Spatial Uncertainty Propagation Analysis"

is_check <- ("CheckExEnv" %in% search()) || any(c("_R_CHECK_TIMINGS_",
             "_R_CHECK_LICENSE_") %in% names(Sys.getenv()))
knitr::opts_chunk$set(eval = !is_check)
Sys.sleep(100)

Case study with spatially variable standard deviation - slope calculations

knitr::opts_chunk$set(
    comment = NA,
    quiet = TRUE,
    progress = FALSE,
    tidy = FALSE,
    cache = FALSE,
    message = FALSE,
    error = FALSE, # FALSE: always stop execution.
    warning = TRUE,
    dpi = 100
)
knitr::opts_knit$set(global.par = TRUE)
par(mar = c(3, 3, 2, 2), mgp = c(1.7, 0.5, 0), las = 1, cex.main = 1, tcl = -0.2, cex.axis = 0.8,
    cex.lab = 0.8)

Introduction/Problem definition

In many geographical studies a DEM is a critical variable, because DEM-derived variables, such as slope, aspect, curvature and viewshed are of great importance in many types of analysis. However, a DEM is only an approximation of the real elevation in the area. It contains errors. Insight into DEM error (uncertainty) propagation through the calculation of, for example, slope, is therefore crucial. We can use the Monte Carlo (MC) method to analyse how the error propagates through spatial operations and models. This method is briefly described below.

The MC method is fairly straightforward in application, but in case of spatially distributed variables like elevation one should consider taking spatial autocorrelation into account. That is because the model output uncertainty may be influenced by the spatial correlation in the input. For example, slope calculations are quite sensitive to the degree of spatial autocorrelation in DEM uncertainty (Heuvelink, 1998).


Monte Carlo methodology for spatial uncertainty analysis with spatially variable sd

The uncertainty propagation analysis approach applied here is based on the Monte Carlo method that computes the output of the model repeatedly, with input values that are randomly sampled from their marginal or joint probability distribution function (pdf). The set of model outputs forms a random sample from the output pdf, so that parameters of the distribution, such as the mean, variance and quantiles, can be estimated from the sample. The method thus consists of the following steps:

  1. Characterise uncertain model inputs with (spatial) pdfs.
  2. Repeatedly sample from (spatial) pdfs of uncertain inputs.
  3. Run model with sampled inputs and store model outputs.
  4. Compute summary statistics of model outputs.

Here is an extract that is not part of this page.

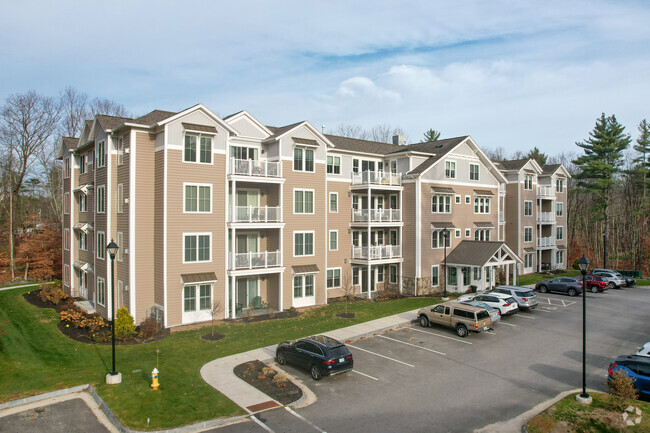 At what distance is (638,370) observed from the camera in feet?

Note that the above ignores uncertainty in model parameters and model structure, but these can easily be included if available as pdfs. A random sample from the model inputs can be obtained using an appropriate pseudo-random number generator.

For uncertain spatially distributed continuous variables, such as elevation, we assume the following geostatistical model:

Z(x)= μ(x)+ σ(x)∙ε(x)

where x is geographic location, μ is the (deterministic) mean of Z, σ is its standard deviation and ε is a standard normal (hence zero mean and unit variance), second-order stationary stochastic residual, whose spatial autocorrelation is modelled with a semivariogram or correlogram. Both μ and σ may vary in space so that spatial trends and spatially variable uncertainty can be taken into account. In the case of elevation, it makes sense to let μ be equal to the DEM while σ may have greater values in mountainous areas than in flat terrain (e.g. Beekhuizen, et al., 2011). In the example below both maps have been prepared. The random sample is drawn from the pdf of ε to further calculate a sample from Z.

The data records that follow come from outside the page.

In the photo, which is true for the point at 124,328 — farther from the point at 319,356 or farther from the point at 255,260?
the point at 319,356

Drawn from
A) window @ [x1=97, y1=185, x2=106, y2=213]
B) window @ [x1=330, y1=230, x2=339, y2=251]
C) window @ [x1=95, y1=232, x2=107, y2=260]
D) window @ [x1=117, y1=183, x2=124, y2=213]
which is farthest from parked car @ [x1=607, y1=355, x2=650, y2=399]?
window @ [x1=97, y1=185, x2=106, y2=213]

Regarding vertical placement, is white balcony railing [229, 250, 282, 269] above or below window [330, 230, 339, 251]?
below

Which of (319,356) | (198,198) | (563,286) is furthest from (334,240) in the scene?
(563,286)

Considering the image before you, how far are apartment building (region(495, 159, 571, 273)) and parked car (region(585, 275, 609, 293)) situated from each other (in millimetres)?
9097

DEM uncertainty propagation analysis with 'spup'


Preliminaries - load and view the data

The example data for slope calculations are a 30m resolution mean DEM and standard deviation from the Zlatibor region in Serbia (Hengl et al., 2008).

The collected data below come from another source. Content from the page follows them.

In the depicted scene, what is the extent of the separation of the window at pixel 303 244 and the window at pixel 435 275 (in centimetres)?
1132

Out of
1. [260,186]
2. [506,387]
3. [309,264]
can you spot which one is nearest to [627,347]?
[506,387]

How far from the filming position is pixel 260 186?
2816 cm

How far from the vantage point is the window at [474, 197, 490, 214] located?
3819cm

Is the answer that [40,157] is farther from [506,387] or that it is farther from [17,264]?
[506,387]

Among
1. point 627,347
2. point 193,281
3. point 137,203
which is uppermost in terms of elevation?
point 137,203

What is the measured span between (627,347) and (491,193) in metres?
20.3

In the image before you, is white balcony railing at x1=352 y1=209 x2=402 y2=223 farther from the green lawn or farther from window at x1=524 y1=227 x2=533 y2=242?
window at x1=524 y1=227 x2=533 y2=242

The data contain two spatial objects: a mean (dem30m) and the standard deviation (dem30m_sd) map. A function that calculates slope from elevation that will be used later is also provided.

# load packages
library(sp)
library(spup)
library(GGally)
library(gridExtra)
library(purrr)
library(magrittr)

# source code for Slope model
source("examples/Slope.R")

# set seed
set.seed(12345)

# load and view the data
data(dem30m, dem30m_sd)
str(dem30m)
str(dem30m_sd)
grid.arrange(spplot(dem30m, main = list(label = "Mean DEM [m]", cex = 1)),
             spplot(dem30m_sd, main = list(label = "DEM sd [m]", cex = 1)))


Define uncertainty model (UM) for elevation

The first step in uncertainty propagation analysis is to define an uncertainty model for the uncertain input variable, here elevation, that will be used in the Monte Carlo uncertainty propagation analysis.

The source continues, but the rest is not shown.